The observed mean HbA1c after 26 weeks of treatment was similar between treatment groups (IDegAsp: 52 mmol/mol [6.95%]; BIAsp 30: 53 mmol/mol [7.01%]; Figure 2A); non‐inferiority for HbA1c was confirmed for IDegAsp twice daily versus BIAsp 30 twice daily with respect to change from baseline to week 26, with an ETD of −0.08% (95% CI −0.20; 0.05; P < 0.0001).

Figure 2

Confirmed endpoints between baseline and week 26: A, glycated haemoglobin (HbA1c); B, fasting plasma glucose (FPG) levels; C, nocturnal confirmed hypoglycaemic episodes; and D, confirmed hypoglycaemic episodes. HbA1c (A) and FPG (B) data are shown for all randomized participants; hypoglycaemia data (C and D) are shown for participants who were exposed to treatment. Data at week 26 are last observed values. BIAsp 30, biphasic insulin aspart 30; IDegAsp, insulin degludec/insulin aspart; n, number of patients

Fasting plasma glucose

The observed mean FPG levels at week 26 were lower in the IDegAsp group compared with the BIAsp 30 group (6.07 vs. 7.48 mmol/L; Figure 2B); superiority in FPG, with respect to change from baseline after 26 weeks of treatment, was confirmed for IDegAsp twice daily versus BIAsp 30 twice daily, with an estimated treatment difference of −1.42 mmol/L (95% CI −1.74; −1.10; P < 0.0001).

Hypoglycaemic episodes

The observed rates of nocturnal confirmed hypoglycaemic episodes per 100 participant‐years of exposure (PYE) were 34.9 vs. 61.0 with IDegAsp twice daily and BIAsp 30 twice daily, respectively; the observed rates of total confirmed hypoglycaemic episodes were 237.2 vs. 412.2 per 100 PYE with IDegAsp twice daily and BIAsp 30 twice daily, respectively (Table 2). Similar rates of nocturnal confirmed and total confirmed hypoglycaemic episodes were observed between treatment groups for the first 8 weeks of the study, after which the groups diverged, with a higher number of episodes reported in the BIAsp 30 group compared with the IDegAsp group, up to week 26 (Figure 2C–D).The estimated rates of nocturnal confirmed and total confirmed hypoglycaemic episodes were lower with IDegAsp twice daily than with BIAsp 30 twice daily by 47% (ETD 0.53 [95% CI 0.33; 0.87]; P = 0.0056) and 43% (ETD 0.57 [95% CI 0.42; 0.77]; P = 0.0001), confirming superiority of IDegAsp twice daily for these endpoints.

Table 2

Summary of hypoglycaemic episodes

	IDegAsp twice daily (n = 360)			BIAsp 30 twice daily (n = 181)			Estimated treatment ratio (95% CI)a
	n (%)	E	R	n (%)	E	R
Confirmed hypoglycaemia	169 (46.9)	415	237.16	91 (50.3)	358	412.16	0.57 (0.42; 0.77) P = 0.0002
Severe hypoglycaemia	0 (0)	‐	‐	6 (3.3)	9	10.36	n/a
Nocturnal confirmed hypoglycaemia	45 (12.5)	61	34.86	35 (19.3)	53	61.02	0.53 (0.33; 0.87) P = 0.0112
Nocturnal severe hypoglycaemia	0 (0)	‐	‐	3 (1.7)	4	4.61	n/a

Abbreviations: BIAsp 30, biphasic insulin aspart 30; CI, confidence interval; E, number of episodes; IDegAsp, insulin degludec/insulin aspart; n, number of participants; n/a, not applicable; R, rate (number of episodes divided by patient‐years of exposure multiplied by 100).

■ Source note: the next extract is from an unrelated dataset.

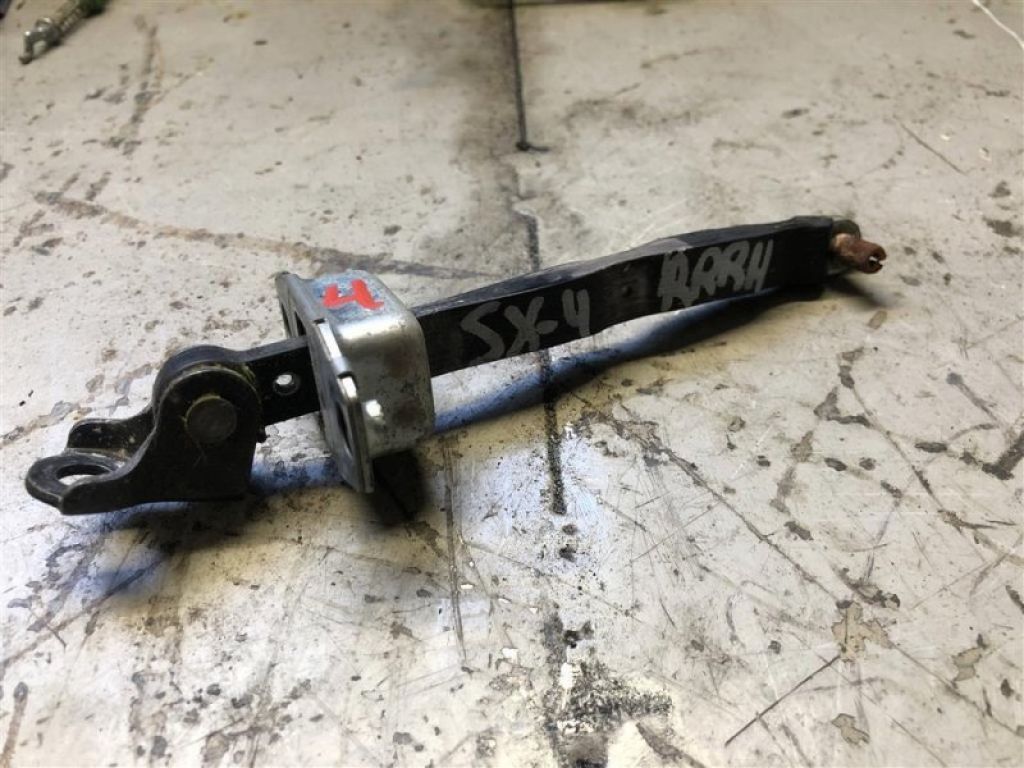 81830-57L01 | Обмежувач дверей задн. прав. SUZUKI SX4 06-13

Data used the safety analysis set.

Statistics were performed using the full analysis set. Confirmed hypoglycaemia is defined as either severe episodes or episodes with plasma glucose <3.1 mmol/L (56 mg/dL) with or without symptoms. The nocturnal period was defined as the period between 12:01 and 5:59 am (both inclusive).

Body weight

An increase in body weight was seen in both treatment groups, with an estimated least squares (LS) mean (SE) change from baseline to week 26 of 2.82 (0.14) kg for IDegAsp twice daily and 2.21 (0.19) kg for BIAsp 30 twice daily; superiority of IDegAsp twice daily over BIAsp 30 twice daily was not shown (ETD 0.61 [95% CI 0.15; 1.08]; P = 0.9954) and the hierarchical statistical testing process was stopped at this stage.

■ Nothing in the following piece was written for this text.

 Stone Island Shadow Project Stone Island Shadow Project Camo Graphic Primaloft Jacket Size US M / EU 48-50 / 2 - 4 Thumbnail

Percentage of responders without hypoglycaemic episodes

Because of the halting of hierarchical testing, superiority of IDegAsp twice daily compared with BIAsp 30 twice daily with regard to the percentage of participants reaching an HbA1c target of <53 mmol/mol (<7.0%) without confirmed hypoglycaemia could not be assessed. However, the observed proportion of participants achieving this target was 42.4% and 26.4% with IDegAsp twice daily and BIAsp 30 twice daily, respectively; participants in the IDegAsp group were more than twice as likely to reach this target than those in the BIAsp 30 group (odds ratio 2.22 [95% CI 1.47; 3.35]; P < 0.0001).

Secondary efficacy and safety endpoints

HbA1c target <53 mmol/mol

The percentage of participants who achieved an HbA1c target of <53 mmol/mol (<7.0%) was higher in the IDegAsp group (55.7%) than in the BIAsp 30 group (48.4%); however, the difference was not significant (ETD 1.42 [95% CI 0.97; 2.07]; P = 0.0687).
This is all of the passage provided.